A training manual inadvertently left in a New York City apartment by a broker shows that, without a doubt, real estate agents are salespeople, first and foremost. Clinching the sale is priority No. 1, and they may even engage in some tactics reminiscent of used car salesmen.

It's a living
The tongue-in-cheek description of the discovered manual -- which the author notes gives guidance on how agents should dress, as well as the fine points of dating clients – probably won't surprise anyone who has ever used a real estate broker to buy or sell a house. Right?

Not necessarily. After all, enough confusion reigned in the past regarding whose interests real estate agents represented that a new category of real estate professional, the "buyer's agent", has emerged.

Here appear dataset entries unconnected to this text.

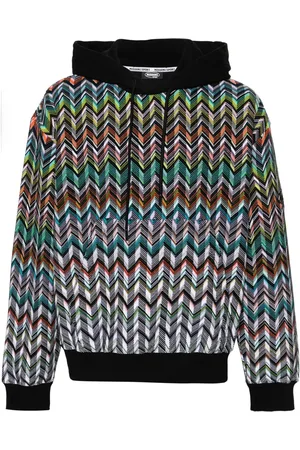 Missoni Hoodie à logo brodé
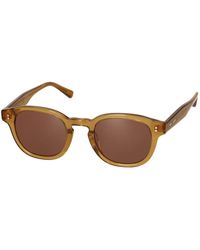 Messyweekend - Accessoires ,Bruin ,Modern Vintage Zonnebril - Lyst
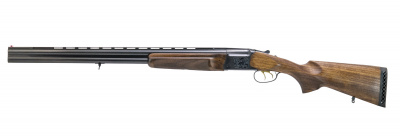 Ружье охотничье МР-27ЕМ орех, L-725мм, Д.Н., травление гравировка рис.Собака за птичкой  кал.12*76 (28729)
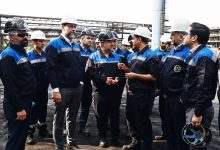 مدیران ارشد هلدینگ انرژی سینا از کارخانه دوده فام بازدید کردند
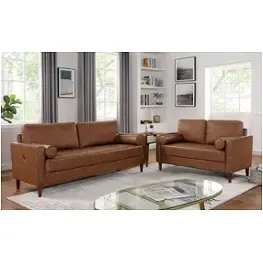 Cm6452br-sf Furniture Of America Horgen Living Room Furniture Sofa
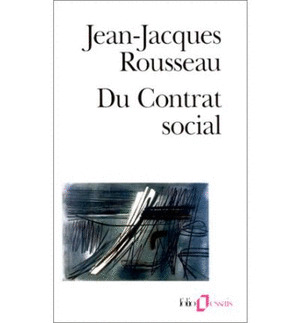 DU CONTRAT SOCIAL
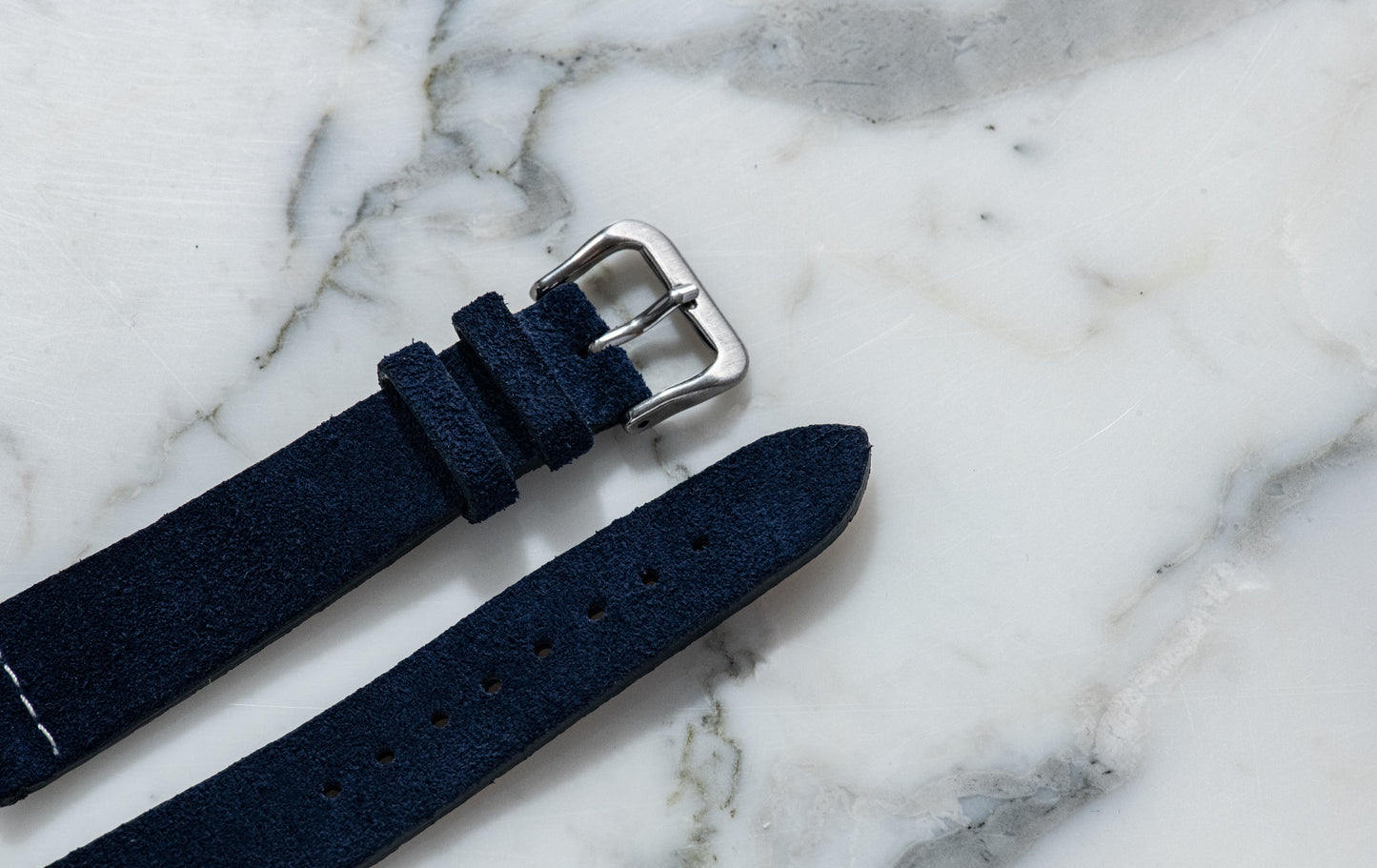 Annapolis Blue Suede Strap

These brokers act exclusively on behalf of the buyer, as the name infers, instead of the seller – whom the real estate agent usually represents. Some agents claim to be both – "dual agency" representation – but, according to some experts, the inherent conflict of interest embodied within those kinds of agreements is best avoided. 

Despite the fact that real estate brokers are generally not required by law in order to sell or purchase property, the industry has created a niche for itself, and many sellers and buyers consult agents to complete their real estate transactions. Like many other kinds of sales jobs, however, these brokers are working for a commission. Their job is to represent the client during the sales process, but ultimately, they are in the business to earn a living. 

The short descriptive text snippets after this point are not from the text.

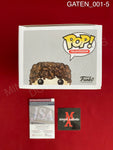 GATEN_001 - Stanger Things 549 Ghostbuster Dustin Funko Pop! Autographed By Gaten Matarazzo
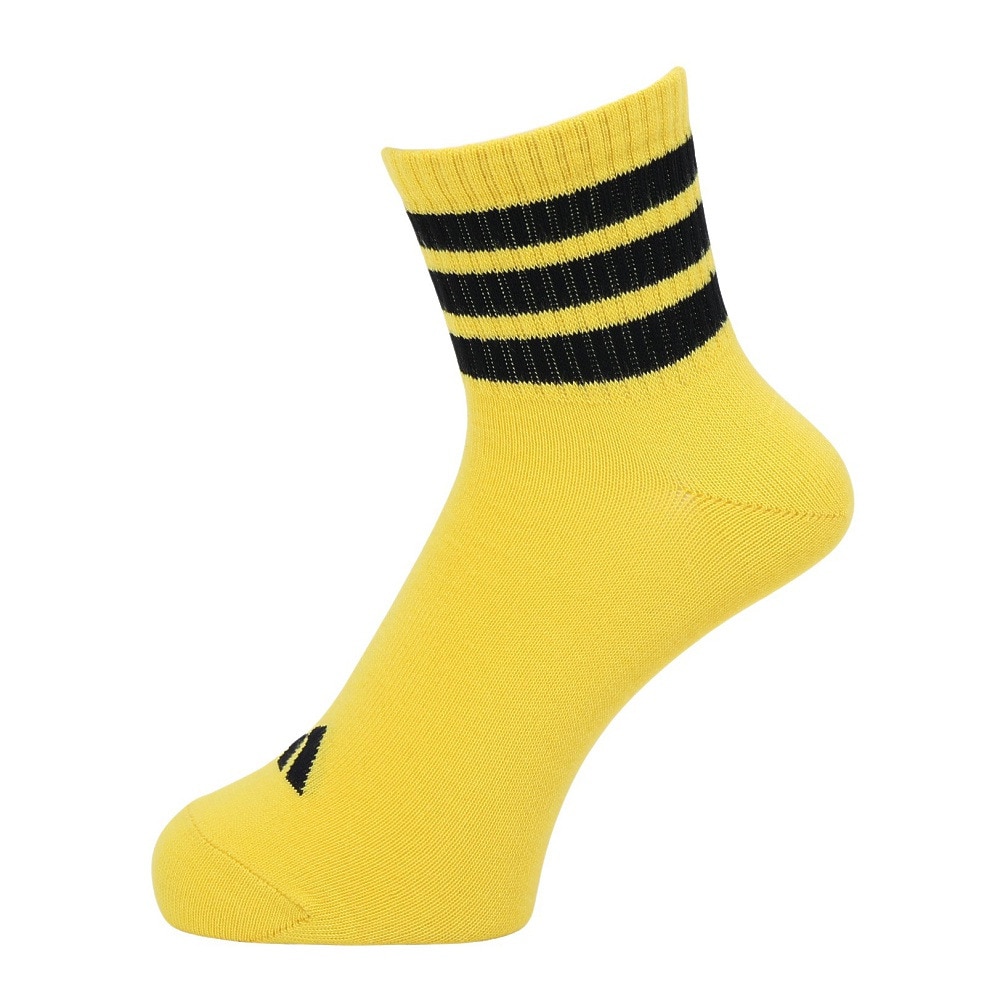 アディダス（adidas）（メンズ）ソックス 靴下 1P 3STSOCKSYELLOW ODV81-KK8029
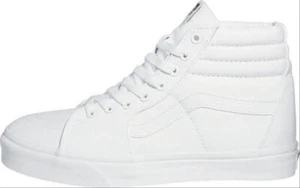 RETOURE - Vans SK8-Hi Sneaker 645009 Weiß 39 - Bild 1 von 2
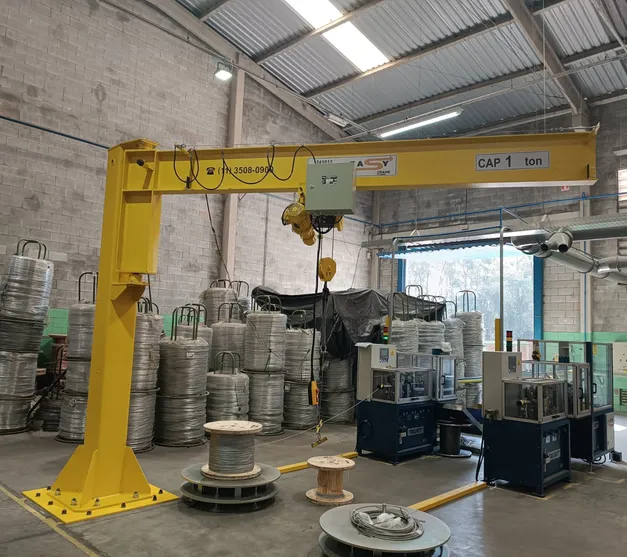 Talha Elétrica com Controle Remoto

Transparency can be variable
While most real estate agents are very likely honest individuals, there are some that are less so. Celebrity realtors interviewed last year outlined several common "tricks of the trade", as well as examples of disingenuousness:

  • Putting up expired or sold listings on the Internet just to solicit inquiries
  • Minimizing the negative aspects of a property through misleading advertising
  • Not mentioning issues that should be disclosed
  • Implying that open houses benefit sellers, when agents generally use them to market their services.

Apparently, agents also impersonate each other, to the detriment of clients. The National Association of Exclusive Buyer Agents recently posted a warning on its blog that described just such behavior. The group noted an uptick in the number of realtors claiming to be buyers agents only, despite the fact that they or their companies also took on sales listings – which means that they work for sellers, as well.

Bottom line? Look before you leap
While the piece on the realtor's handbook is quite entertaining, the fact that real estate brokers use common marketing tactics in order to pressure apartment and home hunters into using their services isn't all that shocking.

Similarly, there is no reason to be outraged about the fact that open houses behoove realtors more than sellers. Commission rates, after all, are agreed upon when the contract is first signed, and are not dependent upon open houses, or the number of showings required in order to sell the property. Only when the house is actually sold does the seller pay up.

For home buyers and sellers who choose to use a real estate broker to help navigate the sometimes complicated property transaction landscape, due diligence is in order, just as it would be with any large purchase or investment. Educate yourself about the process, and maintain control throughout. Doing so should keep transparency high, and surprises low.